Alright - so why I'm saying thank you is kind of obvious. However, I'm glad to hear that the Catt has been leaning toward telling said person No anyway. Not that He really needed my opinion. His gut instinct rarely fails him in that regard. Though I admit, I am thankful he asked my opinon on the matter. It was definately sweet of him. Awww...alright - warm fuzzy moment is officially over. HAHA!

Things here in the sticks are just peachy. Same thing, different day. Today my little brother was supposed to 'stop by'. But, low and behold...after He got directions and all that, I haven't seen Him. Guess that means He changed His mind and decided not to come. Wish He had told me however that He wasn't going to. Sitting around all day has never been my cup of tea. Well, when I have things to accomplish anyway. Oh well. I suppose He might actually make it here another time. Scary thing is, he's only like three hours away and I see less of Him now than I ever did. What a pity.

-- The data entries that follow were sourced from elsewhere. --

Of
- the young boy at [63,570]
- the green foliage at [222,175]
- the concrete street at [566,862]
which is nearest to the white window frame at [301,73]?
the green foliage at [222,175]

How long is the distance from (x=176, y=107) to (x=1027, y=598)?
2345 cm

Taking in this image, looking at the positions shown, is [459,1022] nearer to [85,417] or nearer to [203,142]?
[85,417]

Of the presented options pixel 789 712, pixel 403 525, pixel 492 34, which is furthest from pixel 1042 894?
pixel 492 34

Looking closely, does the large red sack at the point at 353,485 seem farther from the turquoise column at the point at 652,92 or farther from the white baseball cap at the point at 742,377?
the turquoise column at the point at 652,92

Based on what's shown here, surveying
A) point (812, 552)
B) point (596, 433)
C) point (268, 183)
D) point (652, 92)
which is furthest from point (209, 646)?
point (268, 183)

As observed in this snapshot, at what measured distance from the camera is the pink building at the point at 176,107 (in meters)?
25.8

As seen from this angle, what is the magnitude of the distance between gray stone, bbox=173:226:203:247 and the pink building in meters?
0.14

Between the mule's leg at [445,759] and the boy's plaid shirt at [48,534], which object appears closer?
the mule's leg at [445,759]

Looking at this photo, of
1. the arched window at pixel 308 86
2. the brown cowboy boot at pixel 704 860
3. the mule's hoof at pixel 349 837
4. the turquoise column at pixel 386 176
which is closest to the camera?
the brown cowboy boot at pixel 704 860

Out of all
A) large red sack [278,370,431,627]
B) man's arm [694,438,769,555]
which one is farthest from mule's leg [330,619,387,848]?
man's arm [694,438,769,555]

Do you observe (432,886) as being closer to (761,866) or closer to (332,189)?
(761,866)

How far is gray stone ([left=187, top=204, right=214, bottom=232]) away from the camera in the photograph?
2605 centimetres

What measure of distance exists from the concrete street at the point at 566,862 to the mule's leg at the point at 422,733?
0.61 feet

Still, Marines finding me has boggled my mind. I know I'm not hiding or anything. But the fact that they would want to find me, talk to me, see how I'm doing and where I'm living now is slightly startling. Finding out you made an impact, or a difference in someone's life always has this awe inflicting way about it. I guess I just never thought I was someone who made that much of a difference on anyone's life.

Curiousity

I must admit, after reading the Tuft's page I find myself wondering which Ex of mine approached him about touching up tattoo's. Personally, I think if whomever is asking Tufts - and Tufts is not only getting PAID for it, but doesn't overly mind whoever it is...I say go for it. Of course, there are exceptions. There are certain 'ex's ' I would NEVER want Tufts touching. Mainly for sanitary reasons. There is the one that's currently living with my mother. A definate NO NO. Then there is Nate...yet another one I pray Tufts isn't thinking of tattoo'ing. Btu in the end, I suppose it's up to the Catt and not the Lopey. I hope whatever He chooses to do, He is happy with that choice.

Friday, April 28, 2006

Five Weeks and Counting

In five weeks, give or take, there will be a new life in the world and I will go from simply being Maegan, to being Mommy. I'm scared, and nervous, and excited all at once. Fortunately I have a very supportive family who I know will help me in anyway they can. They've all had their kids, and no doubt are fountains of knowledge on things that might happen, go wrong, or come to be. After all, we were all children once. And someone out there knows exactly what we try to pull. HA !

Tuesday, April 25, 2006

How odd...

Yet another of the Marines I knew in Yuma has found me. I don't know how they do it. Then again, it's not like I'm out there hiding some place unknown. Floating in the nothingness that is life. I'm pretty out in the open, if you know where to look that is. Hearing from Jake brightened my day considerably. Though certainly He was closer to Jamie than myself. It was still good to hear that He is alright. He's married now, with triplet boys. Talk about your handful. I thought being pregnant with one was bad enough - He's had 3 of them for something like 5 or six years. It sounds like He is doing well however, a fact I'm glad of. Never would I wish any of the Marines I knew hard times. Even the one's who pissed me off. And, there were a couple. Go figure. That's the minutes however. Just S.S.D.D. otherwise. Yipee!!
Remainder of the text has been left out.